Müller et al readily acknowledge various limitations to their meta-analysis. Most importantly, they say, “randomized trials provide data from highly selected centers, operators, and patients. . . . Thus the external validity of the absolute risks observed on our study is limited.” The arrival of newer stent designs, reverse-flow embolic protection, and direct transcervical access also means that procedural outcomes may well be better now than they were in 2000-2008, the researchers point out.

CREST, EVA-3S, SPACE, and ICSS

Gray emphasized to TCTMD that variations across the four trials masked the potential to detect patterns in CAS outcomes.

Each trial captured a different section of the learning curve, Gray said. CREST was slow to enroll in its first 4 years, and only gained steam in its latter half, so US experience levels had more time to grow, he explained. In Europe, CAS devices were approved earlier before operators had gained the same level of experience. Additionally, “CREST mandated embolic protection in all of its patients, so in a sense it was modern carotid stenting,” Gray pointed out. “None of the other trials [did] except for EVA-3S,” which began doing so only after the first 80 CAS patients showed an unexpectedly high stroke rate.

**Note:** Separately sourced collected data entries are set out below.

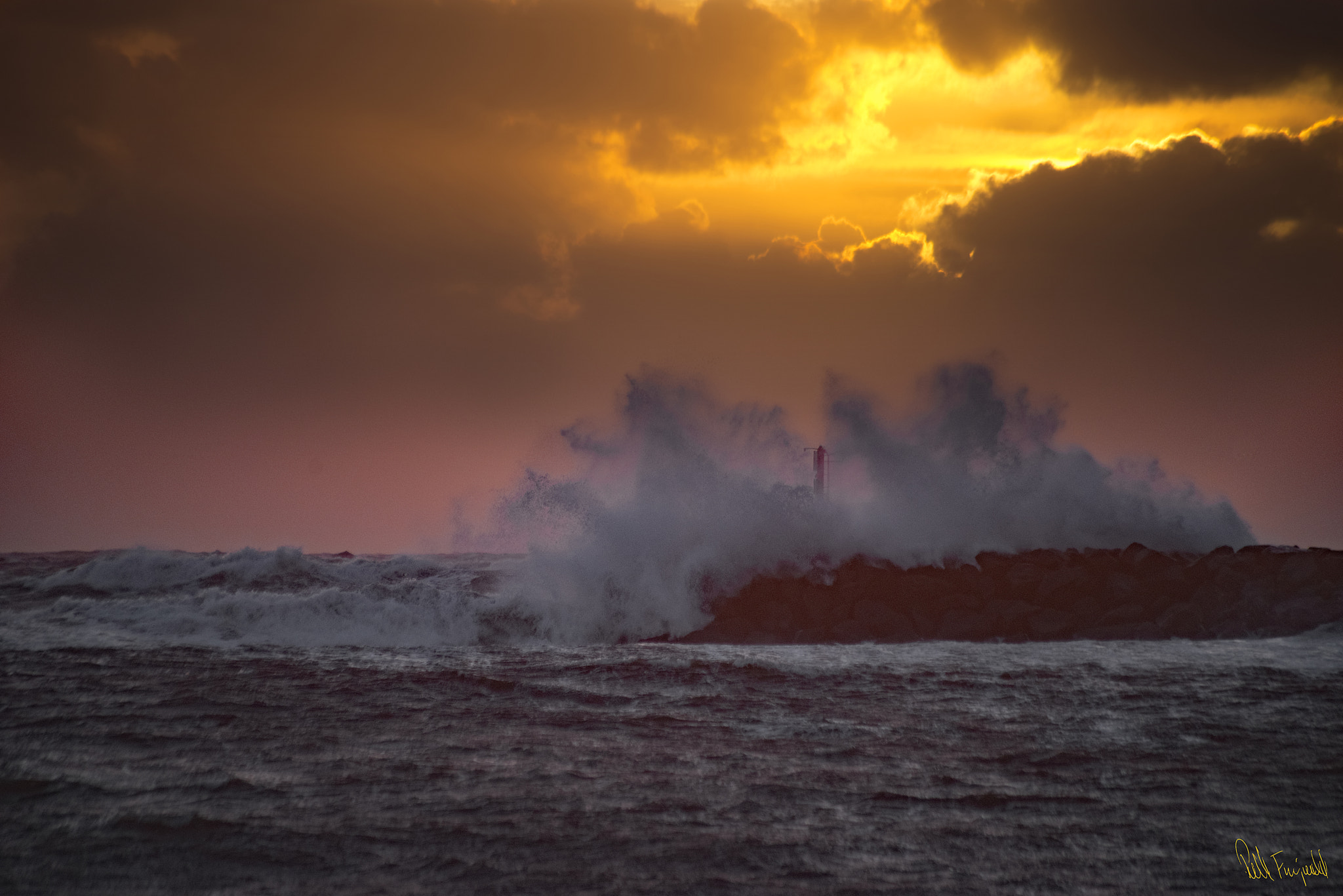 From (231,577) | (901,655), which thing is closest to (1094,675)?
(901,655)

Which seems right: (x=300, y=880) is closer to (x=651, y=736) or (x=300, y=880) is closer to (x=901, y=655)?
(x=651, y=736)

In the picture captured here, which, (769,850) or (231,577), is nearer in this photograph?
(769,850)

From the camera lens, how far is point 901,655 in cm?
1185

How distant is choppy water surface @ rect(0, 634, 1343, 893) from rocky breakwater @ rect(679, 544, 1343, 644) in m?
3.47

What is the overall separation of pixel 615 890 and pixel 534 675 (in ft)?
19.7

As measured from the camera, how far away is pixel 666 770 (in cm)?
631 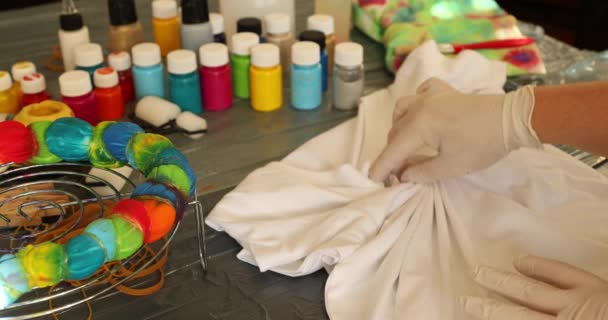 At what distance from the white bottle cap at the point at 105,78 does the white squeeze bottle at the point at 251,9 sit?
9.9 inches

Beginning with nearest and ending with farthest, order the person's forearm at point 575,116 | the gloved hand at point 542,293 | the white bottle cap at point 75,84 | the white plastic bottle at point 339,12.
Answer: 1. the gloved hand at point 542,293
2. the person's forearm at point 575,116
3. the white bottle cap at point 75,84
4. the white plastic bottle at point 339,12

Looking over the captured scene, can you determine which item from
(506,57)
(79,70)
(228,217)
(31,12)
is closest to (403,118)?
(228,217)

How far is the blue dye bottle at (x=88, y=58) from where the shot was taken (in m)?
0.96

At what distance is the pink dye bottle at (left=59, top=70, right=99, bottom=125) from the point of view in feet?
2.92

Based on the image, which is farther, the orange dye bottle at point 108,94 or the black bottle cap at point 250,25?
Result: the black bottle cap at point 250,25

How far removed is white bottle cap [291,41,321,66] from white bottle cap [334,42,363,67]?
3cm

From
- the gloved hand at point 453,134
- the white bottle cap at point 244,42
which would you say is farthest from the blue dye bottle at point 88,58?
the gloved hand at point 453,134

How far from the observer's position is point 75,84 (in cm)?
89

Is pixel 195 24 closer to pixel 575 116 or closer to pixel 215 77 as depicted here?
pixel 215 77

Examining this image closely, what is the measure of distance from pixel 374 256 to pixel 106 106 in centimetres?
49

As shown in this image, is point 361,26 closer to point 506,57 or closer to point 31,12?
point 506,57

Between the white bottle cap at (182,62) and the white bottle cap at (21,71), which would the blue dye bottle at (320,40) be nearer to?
the white bottle cap at (182,62)

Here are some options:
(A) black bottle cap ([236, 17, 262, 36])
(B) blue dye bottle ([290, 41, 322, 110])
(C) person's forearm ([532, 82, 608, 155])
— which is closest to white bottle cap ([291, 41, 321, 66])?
(B) blue dye bottle ([290, 41, 322, 110])

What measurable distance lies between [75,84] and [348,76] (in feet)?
1.32
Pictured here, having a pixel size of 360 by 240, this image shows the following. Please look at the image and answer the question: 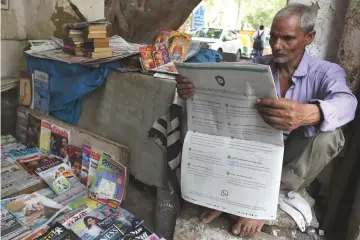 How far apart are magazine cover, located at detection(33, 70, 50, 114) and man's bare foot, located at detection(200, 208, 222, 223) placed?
1.65 meters

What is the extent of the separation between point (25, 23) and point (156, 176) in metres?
2.03

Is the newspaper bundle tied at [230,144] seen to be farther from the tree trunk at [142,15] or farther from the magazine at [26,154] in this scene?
the tree trunk at [142,15]

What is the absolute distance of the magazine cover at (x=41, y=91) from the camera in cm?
239

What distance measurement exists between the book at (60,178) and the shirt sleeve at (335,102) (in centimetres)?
169

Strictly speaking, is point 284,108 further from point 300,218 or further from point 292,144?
point 300,218

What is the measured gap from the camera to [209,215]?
153cm

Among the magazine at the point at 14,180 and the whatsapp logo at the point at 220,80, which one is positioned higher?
the whatsapp logo at the point at 220,80

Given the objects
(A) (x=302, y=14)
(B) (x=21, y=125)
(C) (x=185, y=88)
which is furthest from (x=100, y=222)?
(A) (x=302, y=14)

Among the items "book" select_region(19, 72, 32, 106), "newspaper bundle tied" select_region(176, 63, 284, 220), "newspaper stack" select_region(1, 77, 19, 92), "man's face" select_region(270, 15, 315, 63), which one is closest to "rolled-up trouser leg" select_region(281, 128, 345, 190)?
"newspaper bundle tied" select_region(176, 63, 284, 220)

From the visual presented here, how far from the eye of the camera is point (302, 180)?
1378mm

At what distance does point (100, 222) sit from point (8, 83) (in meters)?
1.65

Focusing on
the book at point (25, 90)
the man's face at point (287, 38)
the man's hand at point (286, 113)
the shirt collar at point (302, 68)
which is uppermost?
the man's face at point (287, 38)

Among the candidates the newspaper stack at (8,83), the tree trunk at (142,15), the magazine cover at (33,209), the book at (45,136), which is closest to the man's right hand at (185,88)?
the magazine cover at (33,209)

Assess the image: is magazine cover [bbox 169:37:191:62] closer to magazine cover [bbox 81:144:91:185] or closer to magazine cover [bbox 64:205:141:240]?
magazine cover [bbox 81:144:91:185] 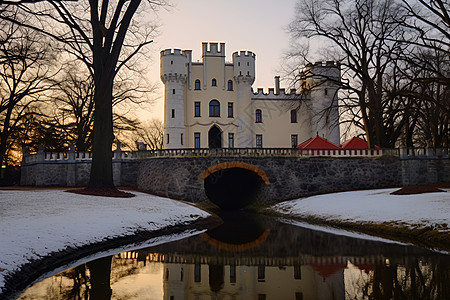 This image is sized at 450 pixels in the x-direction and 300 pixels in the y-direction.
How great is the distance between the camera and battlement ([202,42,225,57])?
41.7m

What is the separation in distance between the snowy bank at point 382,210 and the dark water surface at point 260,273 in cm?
302

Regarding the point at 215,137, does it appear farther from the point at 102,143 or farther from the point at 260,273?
the point at 260,273

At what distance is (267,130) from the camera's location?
42969 mm

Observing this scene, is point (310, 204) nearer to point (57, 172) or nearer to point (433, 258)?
point (433, 258)

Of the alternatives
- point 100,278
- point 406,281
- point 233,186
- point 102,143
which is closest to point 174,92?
point 233,186

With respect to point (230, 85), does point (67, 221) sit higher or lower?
lower

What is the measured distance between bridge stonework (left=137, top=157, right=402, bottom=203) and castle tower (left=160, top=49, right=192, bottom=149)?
11289 mm

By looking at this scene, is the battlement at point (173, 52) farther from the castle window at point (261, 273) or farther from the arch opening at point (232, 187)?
the castle window at point (261, 273)

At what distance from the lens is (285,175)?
27.8 meters

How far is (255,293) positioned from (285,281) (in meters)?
1.08

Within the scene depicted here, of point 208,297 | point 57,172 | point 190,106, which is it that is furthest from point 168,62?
point 208,297

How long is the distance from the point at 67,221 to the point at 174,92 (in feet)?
97.5

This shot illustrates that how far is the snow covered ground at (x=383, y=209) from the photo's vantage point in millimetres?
14211

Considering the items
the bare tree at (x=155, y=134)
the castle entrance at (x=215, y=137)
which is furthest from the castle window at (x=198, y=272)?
the bare tree at (x=155, y=134) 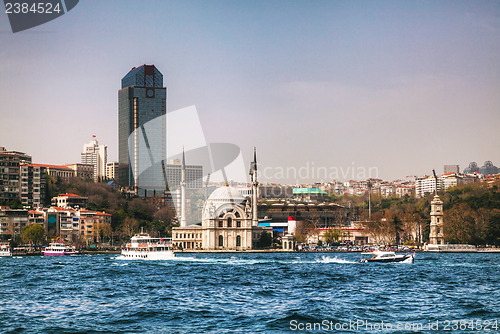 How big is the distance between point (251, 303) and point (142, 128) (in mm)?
141478

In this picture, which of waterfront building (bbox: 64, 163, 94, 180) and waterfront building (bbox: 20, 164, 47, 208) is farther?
waterfront building (bbox: 64, 163, 94, 180)

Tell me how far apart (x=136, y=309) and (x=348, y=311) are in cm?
685

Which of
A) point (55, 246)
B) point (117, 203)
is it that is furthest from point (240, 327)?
point (117, 203)

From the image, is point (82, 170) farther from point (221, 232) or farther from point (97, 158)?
point (221, 232)

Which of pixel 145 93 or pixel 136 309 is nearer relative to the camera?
pixel 136 309

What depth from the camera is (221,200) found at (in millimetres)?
96625

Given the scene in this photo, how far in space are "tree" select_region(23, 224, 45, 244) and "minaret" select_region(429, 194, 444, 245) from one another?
45.3 meters

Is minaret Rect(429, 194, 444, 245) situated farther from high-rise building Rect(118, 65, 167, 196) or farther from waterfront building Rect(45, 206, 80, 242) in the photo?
high-rise building Rect(118, 65, 167, 196)

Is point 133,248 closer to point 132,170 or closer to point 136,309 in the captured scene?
point 136,309

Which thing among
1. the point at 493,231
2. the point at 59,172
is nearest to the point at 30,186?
the point at 59,172

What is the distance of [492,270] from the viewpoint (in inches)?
1598

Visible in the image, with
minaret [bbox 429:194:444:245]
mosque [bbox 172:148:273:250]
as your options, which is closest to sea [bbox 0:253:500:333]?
minaret [bbox 429:194:444:245]

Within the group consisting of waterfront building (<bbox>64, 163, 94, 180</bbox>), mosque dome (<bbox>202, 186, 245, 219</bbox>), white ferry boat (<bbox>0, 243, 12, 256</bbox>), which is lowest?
white ferry boat (<bbox>0, 243, 12, 256</bbox>)

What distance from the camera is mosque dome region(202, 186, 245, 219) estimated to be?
92.0m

To make his case that CAS outcomes did not in fact stagnate, Gray pointed to his analysis of CREST data, published 7 years back in Circulation, showing that as time progressed the rate of stroke/death with CAS was reduced by half—from 4.4% in 2000-2004 to 1.8% in 2008. Another analysis, this time based on all prospective CAS trials with US Food and Drug Administration oversight between 2000 and 2011, tracked similar shifts.

Still-pending results from the CREST-2 trial will help clarify the position of medical therapy compared with revascularization, at least in asymptomatic patients. But its unique two-arm design—CEA versus medical therapy or CAS versus medical therapy—precludes direct comparisons between the two interventions. Instead, that information may come from the CREST-2 Registry, designed to provide a window into real-world outcomes in a diverse patient cohort.